▼ 最初に相談をお聞きした段階では、依頼者の方はとてもお元気で、身の回りのことをすべて1人で行うことができ、かつ判断能力も完全にありました。しかし、ある病気にかかったことから、体の動きが徐々に不自由になってきており、今後の自分の生活や財産の管理方法についてかなりの不安を持っている状態でした。
▼ 高齢者の方の財産を、弁護士などの専門家が管理する方法は、大きく分けて、「任意の財産管理契約による管理」と「法定後見による管理」があります。
「任意の財産管理契約による管理」は、弁護士とご本人との間で財産管理契約を締結し、弁護士が全ての財産を管理するのと引き替えに、毎月管理報酬を支払っていただくというものです。
一方、「法定後見による管理」は、ご本人の判断能力が低下した場合に、その判断能力の程度に応じて裁判所が選任する補助人・保佐人・成年後見人などが財産を管理するという方法です。

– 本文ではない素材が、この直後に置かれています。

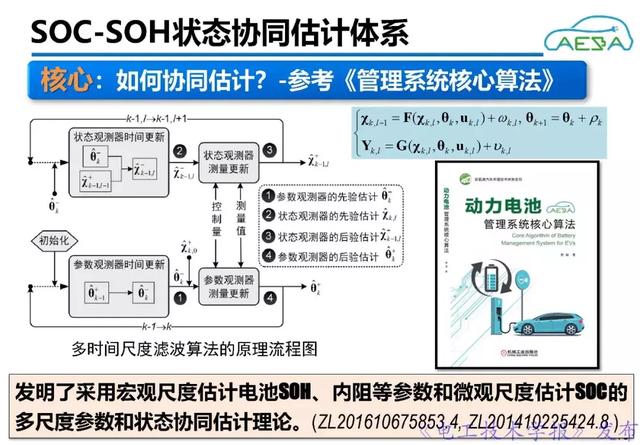 北京理工大學(xué)熊瑞：新能源汽車動(dòng)力電池系統(tǒng)智能管理與優(yōu)化控制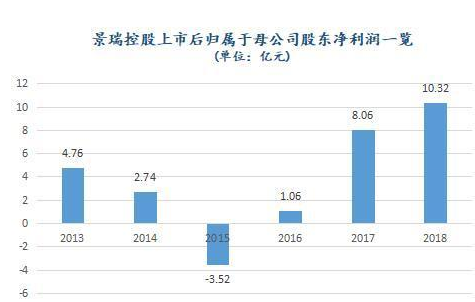 景瑞控股转型“危局” 陷“增长乏力”困境
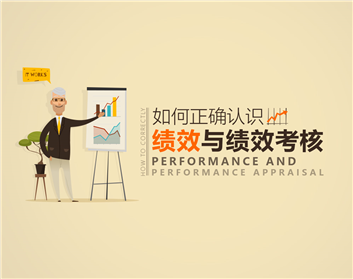 如何正确认识绩效与绩效考核 （3集）
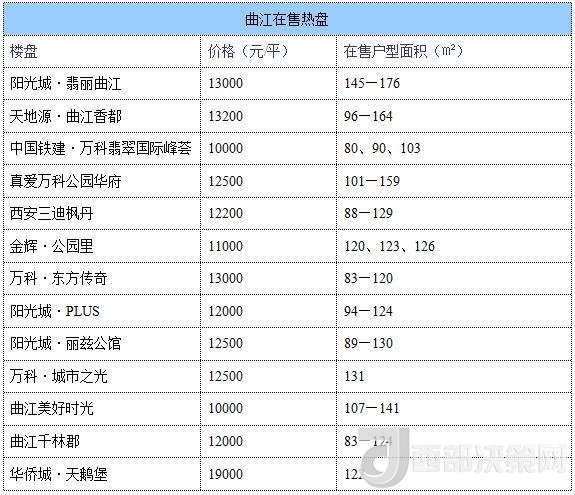 12月西安房價地圖：主城區(qū)11396元/平 剛需死心？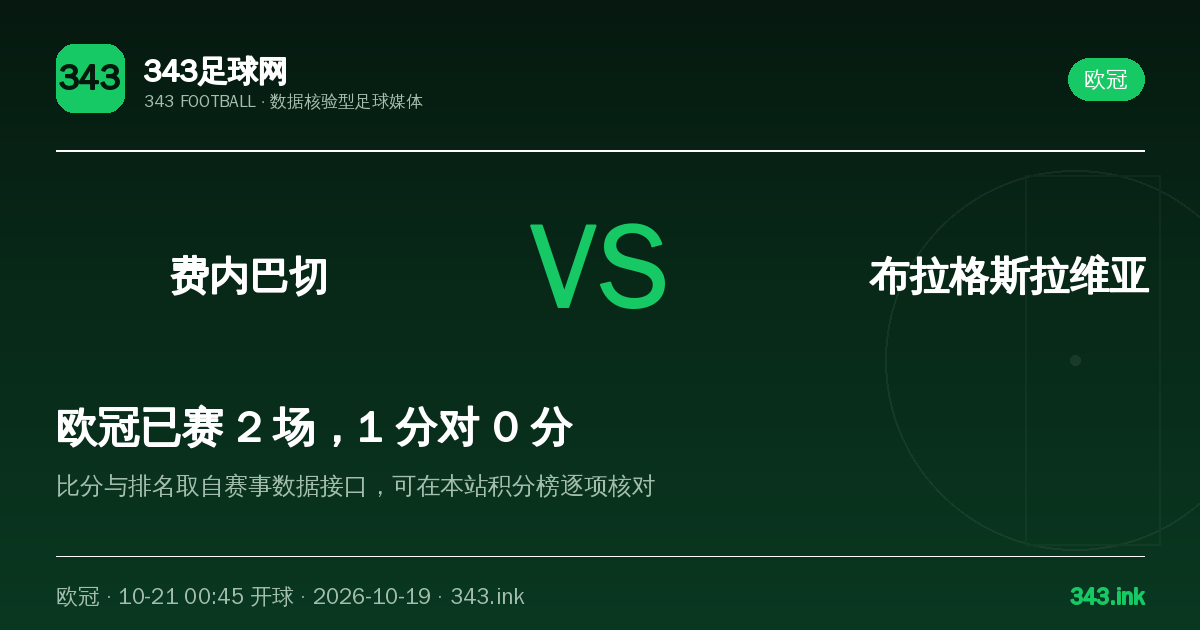 费内巴切主场迎战布拉格斯拉维亚，欧冠焦点战看点梳理｜343足球网数据卡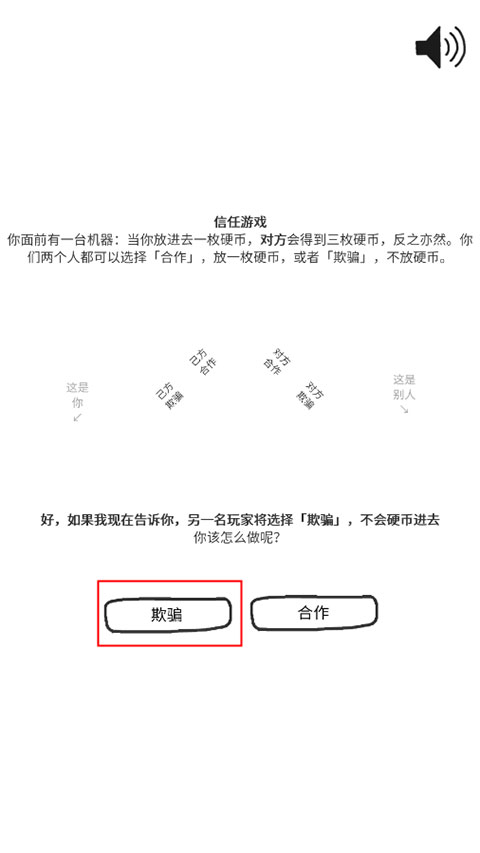 信任的进化合作自私的基因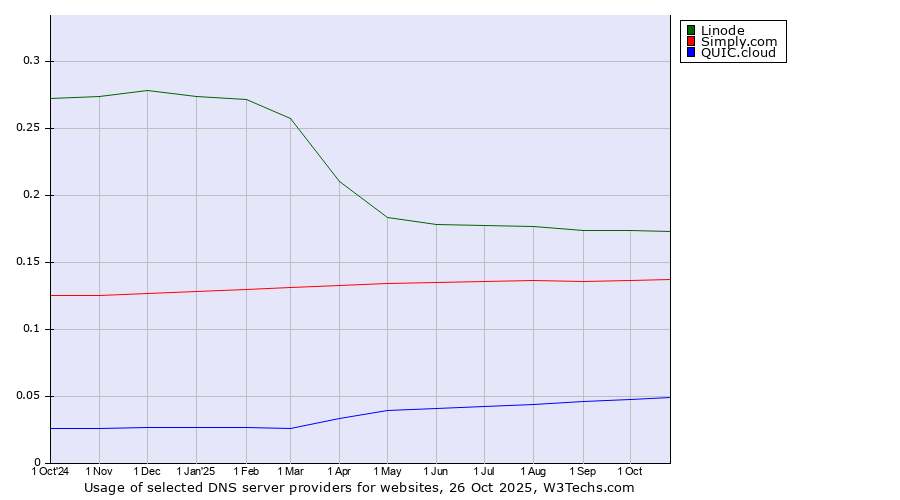 Historical trends in the usage of Linode vs. Simply.com vs. QUIC.cloud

本件の場合は、ご本人の判断能力に全く問題が無かったことから、「法定後見による管理」はできず「任意の財産管理契約による管理」の方法をとることになりました。
▼ また、本件では施設入所の際の保証人もいなかったことから、財産管理契約を結んだ弁護士が保証人となりました。ただ、その際に弁護士としては保証人として無制限の責任を負うわけにはいきませんでしたので、施設側と交渉をしてご本人の財産額を上限として保証人となる旨の特約を付して貰いました。
▼ さらに、ご本人はご自身の死後、全ての財産について、ある宗教法人に全て寄付したいという意向を持っておられました。そこで、その内容を踏まえた公正証書遺言を作成し、かつ当該遺言において、財産管理者である弁護士を遺言執行者に指定しました。なお、遺言作成に際しては事前に、当該宗教法人に連絡をとり「このような遺言作成の依頼を受けているが、遺言にしたがって遺産の寄付を受ける意向はあるか」ということを確認しています。これは、宗教法人によってはそのような寄付を受け取らないところもあるため、遺言作成時点においてその点についての確認が必須だからです。